A rotating pocket heater, also called pocket heater or Kinder heater, holds and rotates a substrate during vacuum deposition.[1] During rotation, the substrate is sequentially exposed to more than one environment, for example, heat, oxygen, metal vapor, etc.[2] Rotating pocket heaters has been used in reactive evaporation system to create YBa2Cu3O7 layers on planar semiconductor wafers.[3]
The illustration on the right shows an example of a pocket heater being used to deposit a layers of magnesium diboride on a substrate. A vertical shaft (32) turns a horizontal disk (30) several hundred rotations per minute (RPM). The illustration shows two of several substrates (14) attached to the underside of the rotating disk. The substrates are attached at their edges, so that most of the undersides of the substrates are exposed to the vapor below. The entire apparatus is enclosed in a chamber kept at low pressure by a vacuum pump.
Magnesium diboride (MgB2) is an ionic solid with superconducting properties. Vapor deposition is difficult, because the vapor pressure of magnesium is much higher than boron. The pocket heater solves this problem by providing a separate environment for each material.

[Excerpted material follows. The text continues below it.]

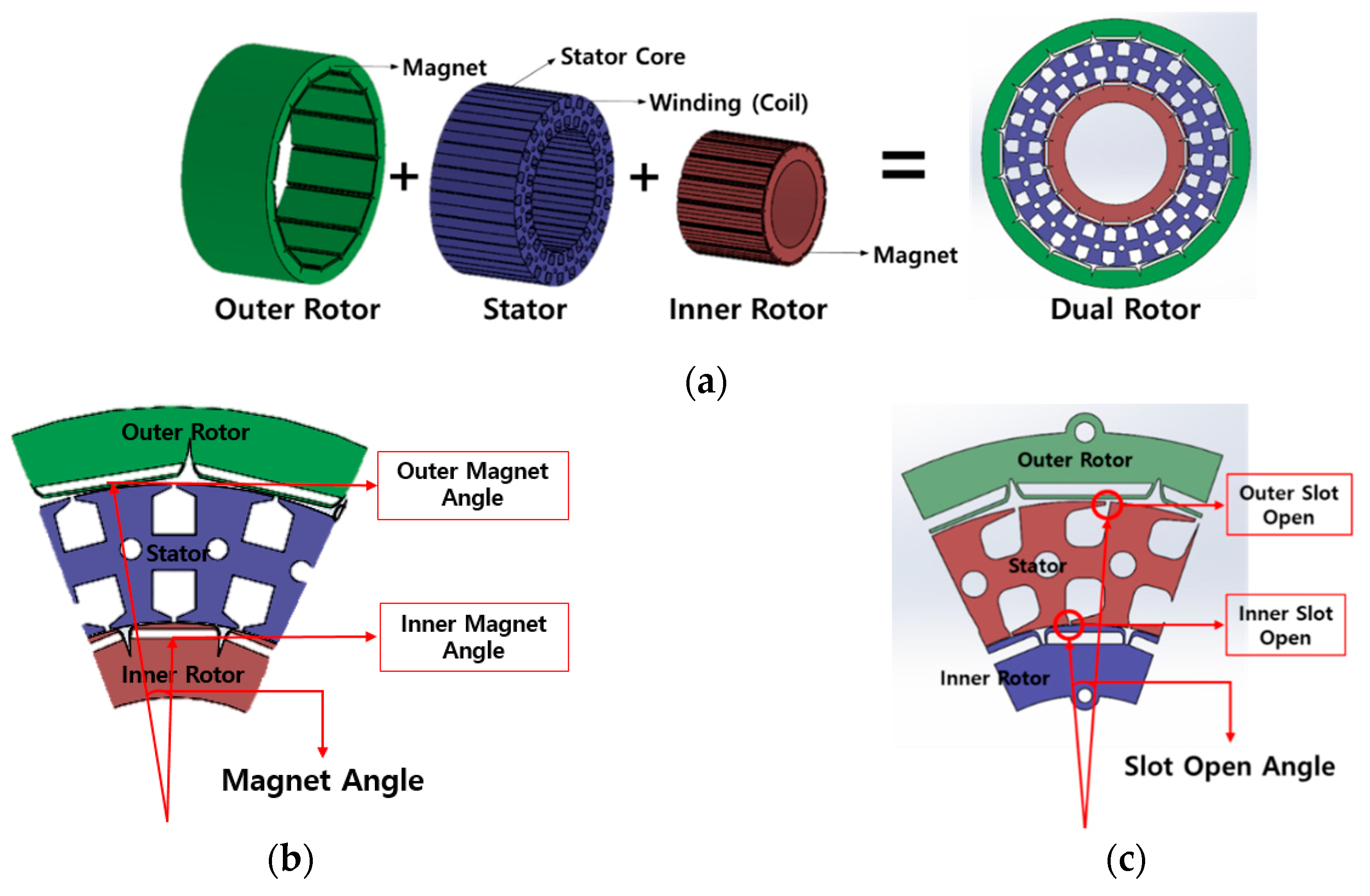 Energies 12 01761 g001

In May 2015, FBI agents arrested Professor Xiaoxing Xi, chairman of Temple University's physics department, accusing him of sharing schematics of a pocket heater with Chinese scientists. The prosecutors dropped all charges in September 2015 after it was shown that they had misconstrued the evidence and Xi has never shared the diagram of the pocket heater with anyone in China.[4] Rotating pocket heater is not a restricted technology and was first invented by German physicists Berberich, Prusseit, and Kinder. Theva Dunnschichttechnik GmbH of Germany holds the patent for pocket heater.